## ACTION ITEM
Print exactly the lines from the one containing "فروش ساعت( آیینه ای)سالم و در حد نو" through the last line of the records below, both included, and nothing else; omit any pictures.

(Beginning of DATA RECORDS)

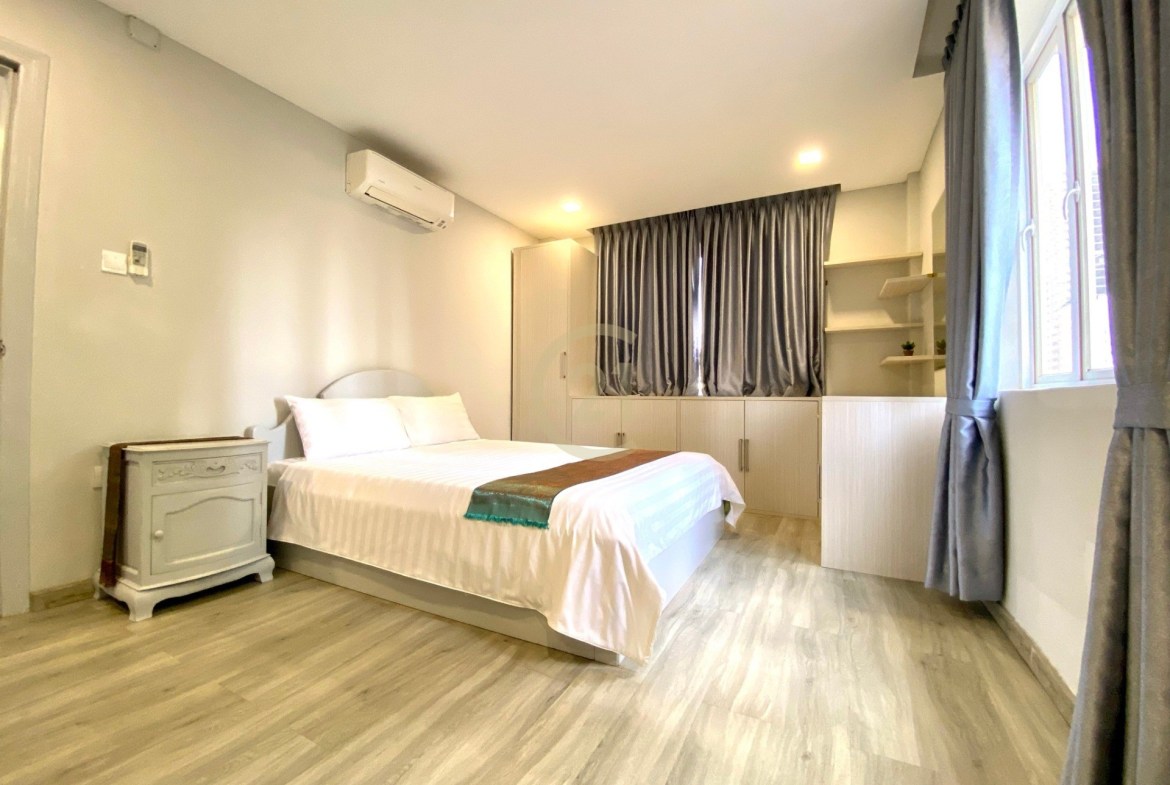 Luxury Two bedroom for rent in bKK1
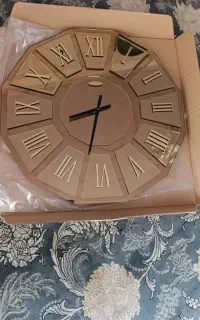 فروش ساعت( آیینه ای)سالم و در حد نو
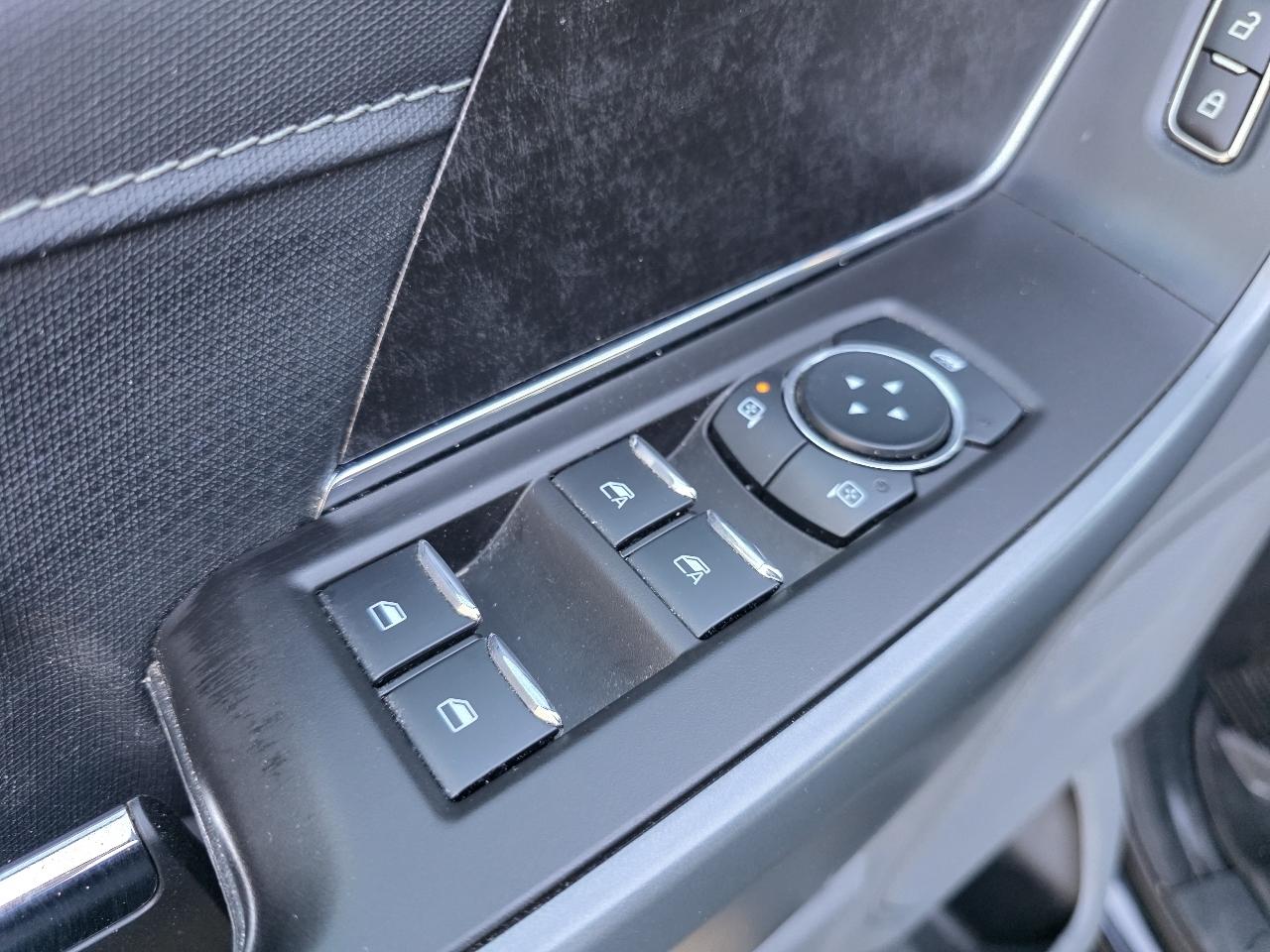 Ford F-150 XLT SuperCrew 5.5-ft. Bed 4WD 2023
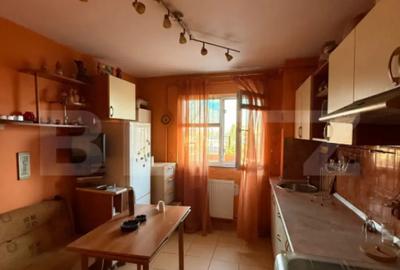 Apartament cu 2 camere semidecomandat în Micro 4 - 4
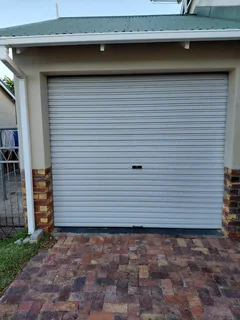 3 BEDROOM TOWNHOUSE FOR RENT BY OWNER LORRAINE PE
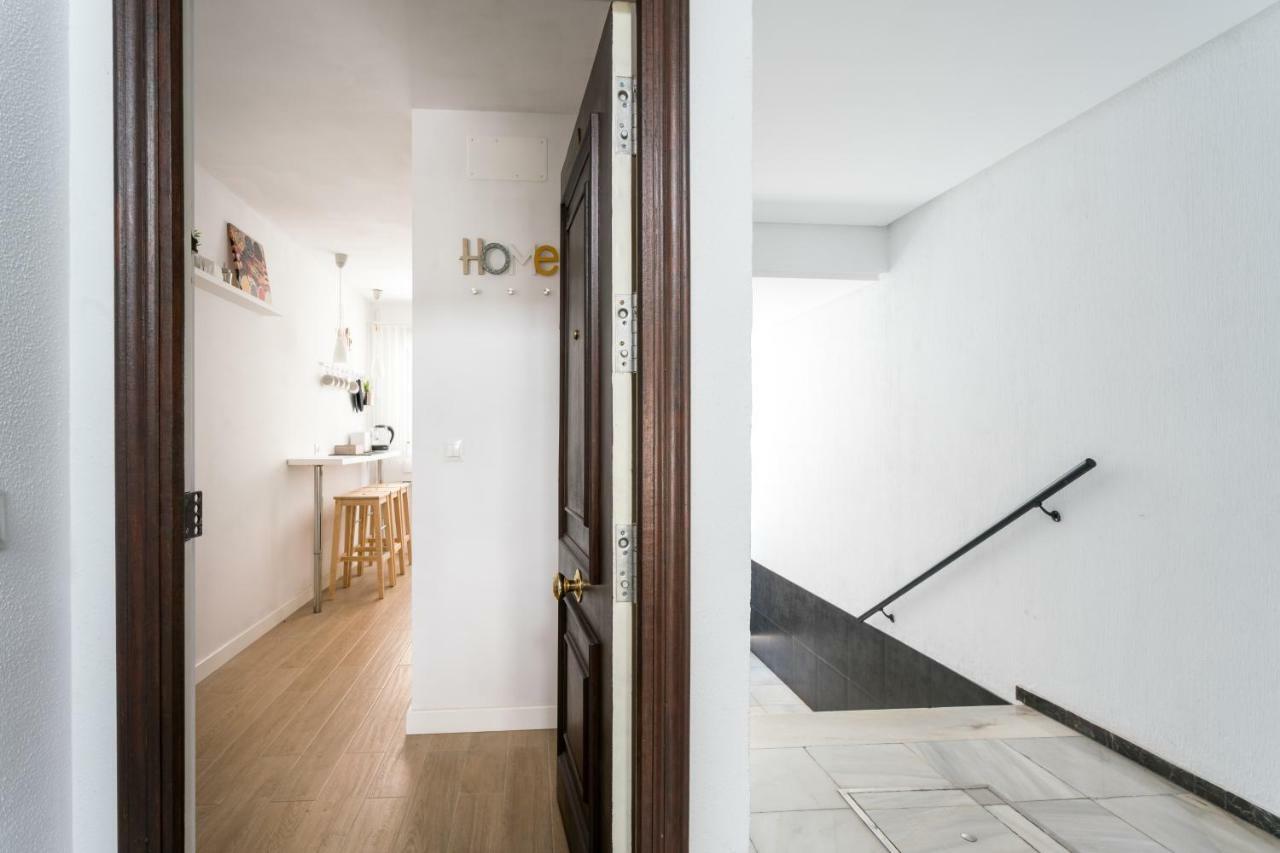 Apartment Triana 3 Bedrooms & 2 Bath Parking Included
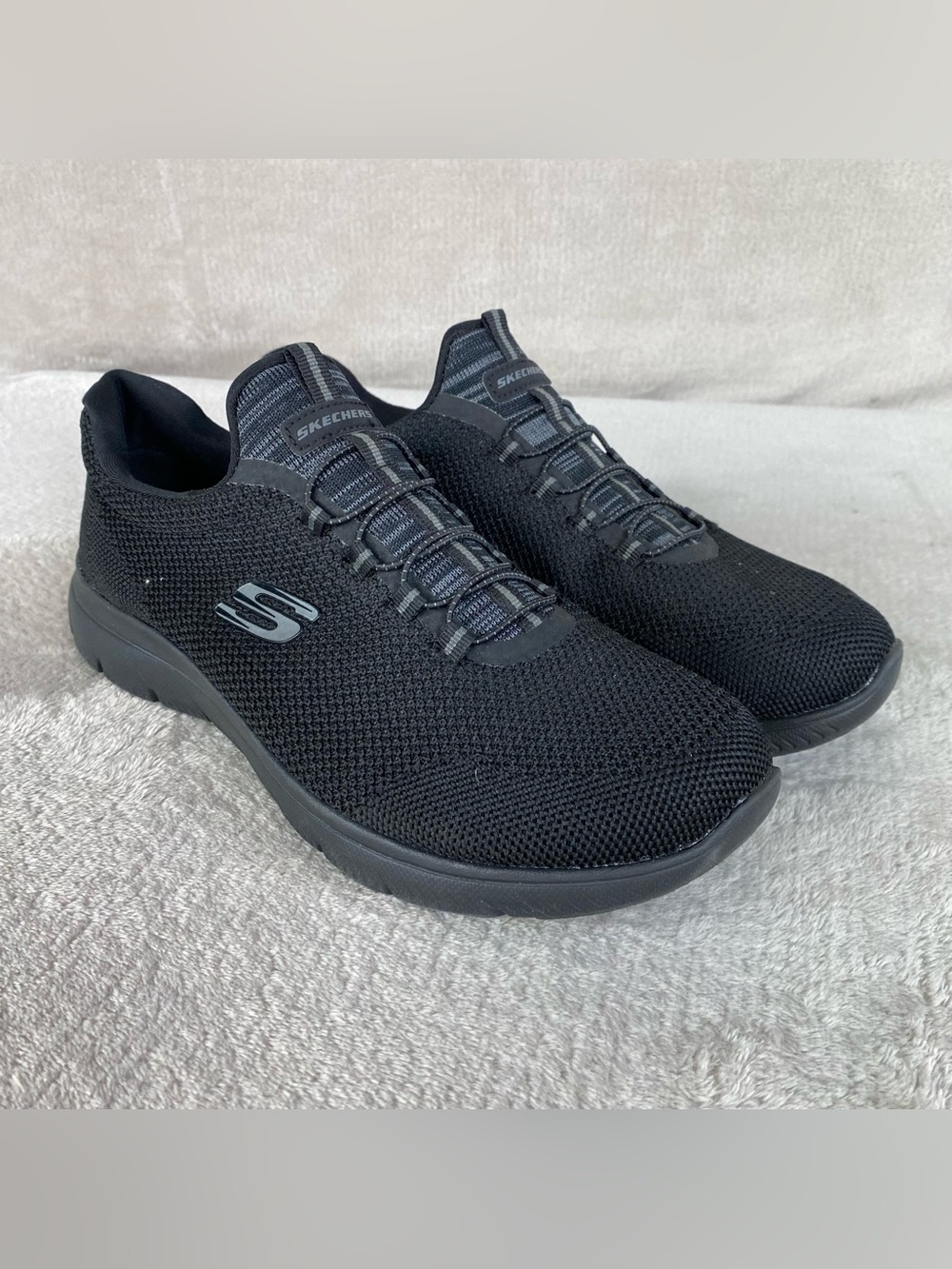 Skechers Summits Cool Classic Sneaker Womens Size 9.5 Wide Black Gray Knit NEW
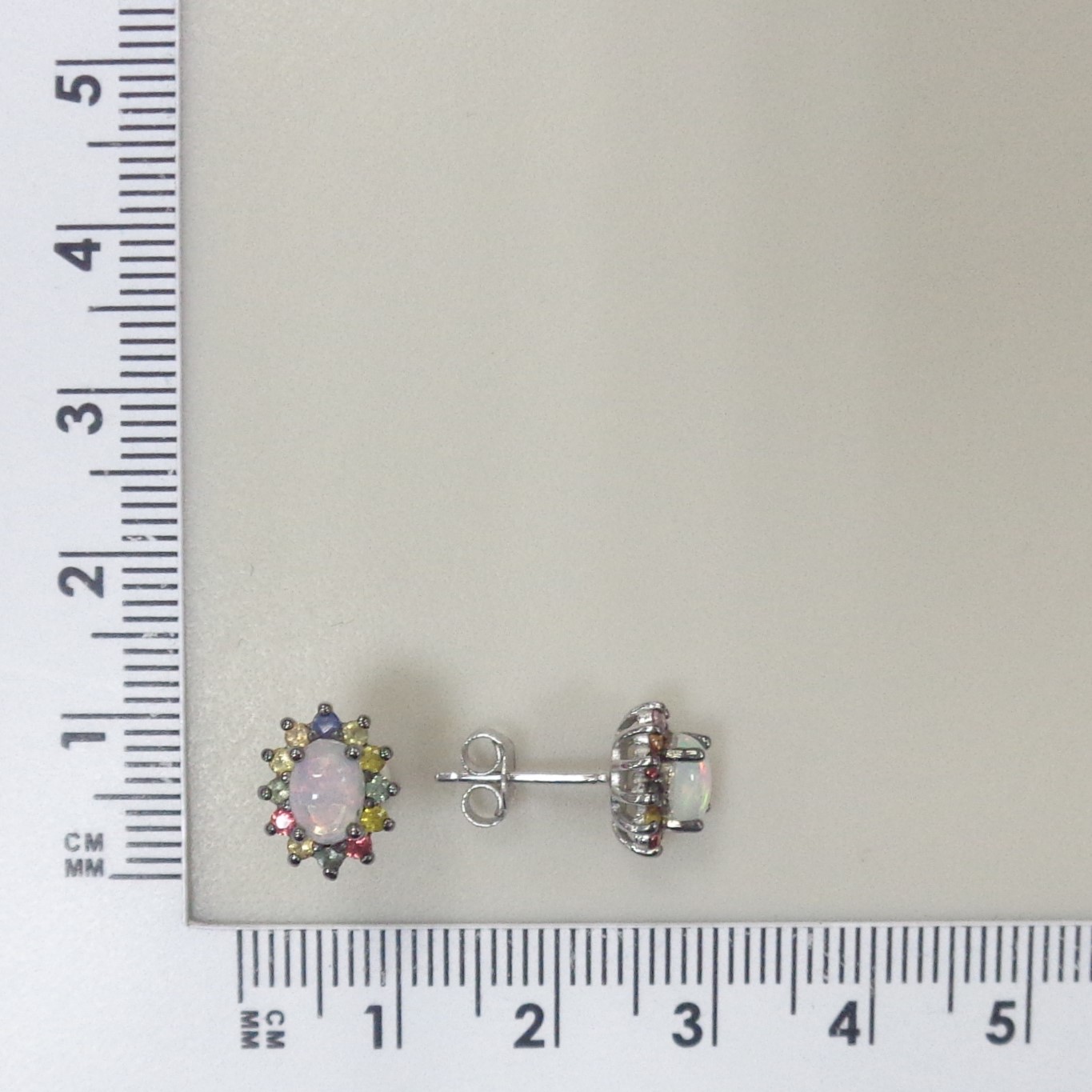 Серебряные серьги-пусеты с опалами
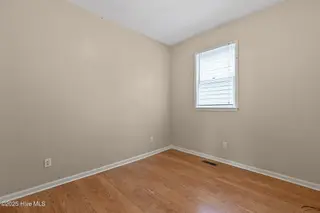 129 S 8th Street, Wilmington, NC 28401 — 6-bedroom home in Downtown, Wilmington, NC, photo 21 of 36: 8thS129-7brDanBL33A0297-CR2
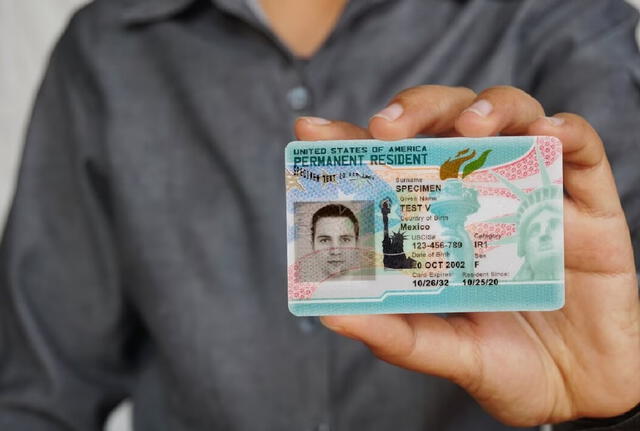  La obtención de una green card familiar permite al beneficiario vivir y trabajar legalmente en Estados Unidos de manera permanente. Foto: CitizenPath   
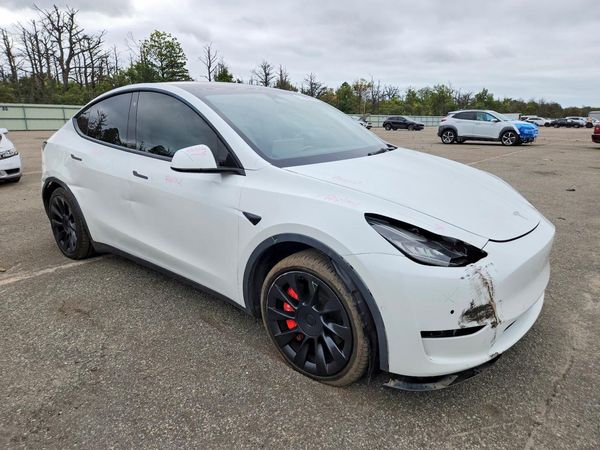 2021 TESLA MODEL Y — Passenger 3/4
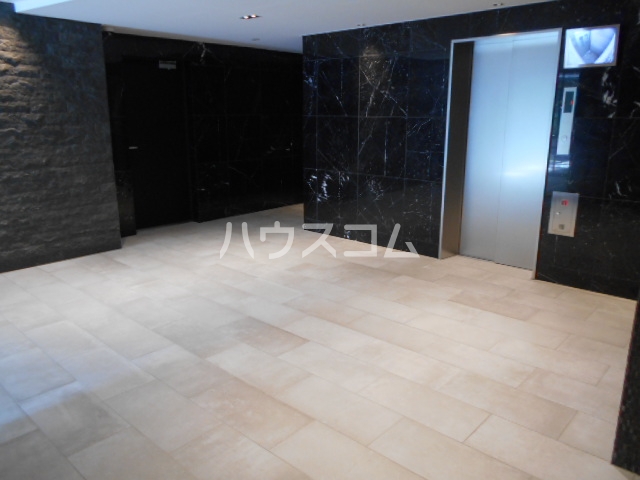 17/28 エントランス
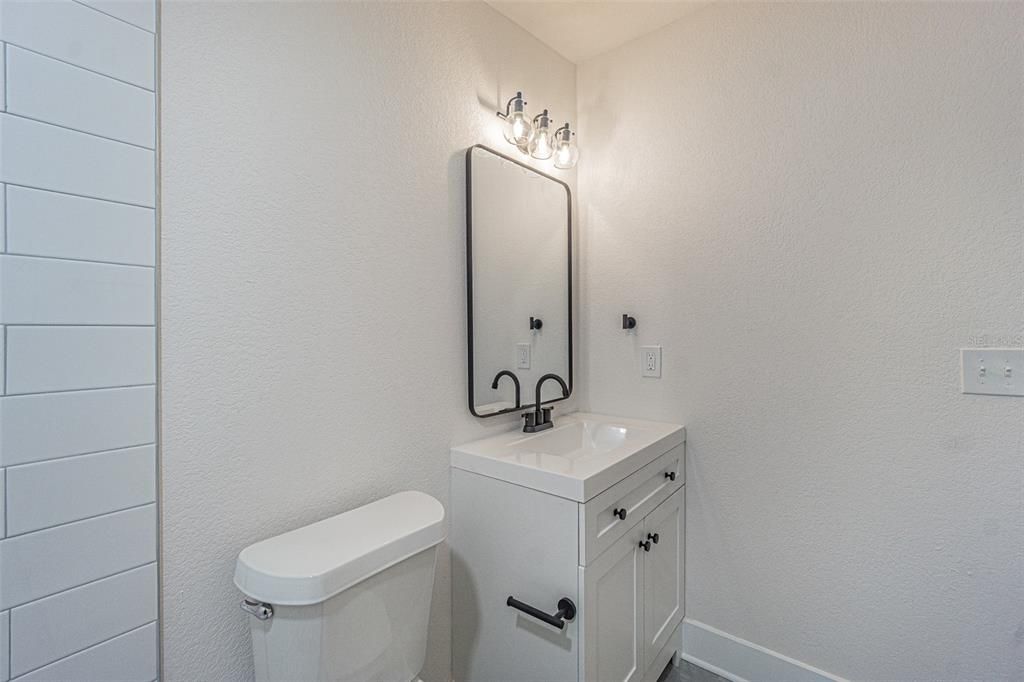 Active With Contract: $2,500 (3 beds, 2 baths, 1020 Square Feet)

(End of DATA RECORDS)

## EXERCISE RESPONSE
 فروش ساعت( آیینه ای)سالم و در حد نو
 Ford F-150 XLT SuperCrew 5.5-ft. Bed 4WD 2023
 Apartament cu 2 camere semidecomandat în Micro 4 - 4
 3 BEDROOM TOWNHOUSE FOR RENT BY OWNER LORRAINE PE
 Apartment Triana 3 Bedrooms & 2 Bath Parking Included
 Skechers Summits Cool Classic Sneaker Womens Size 9.5 Wide Black Gray Knit NEW
 Серебряные серьги-пусеты с опалами
 129 S 8th Street, Wilmington, NC 28401 — 6-bedroom home in Downtown, Wilmington, NC, photo 21 of 36: 8thS129-7brDanBL33A0297-CR2
  La obtención de una green card familiar permite al beneficiario vivir y trabajar legalmente en Estados Unidos de manera permanente. Foto: CitizenPath   
 2021 TESLA MODEL Y — Passenger 3/4
 17/28 エントランス
 Active With Contract: $2,500 (3 beds, 2 baths, 1020 Square Feet)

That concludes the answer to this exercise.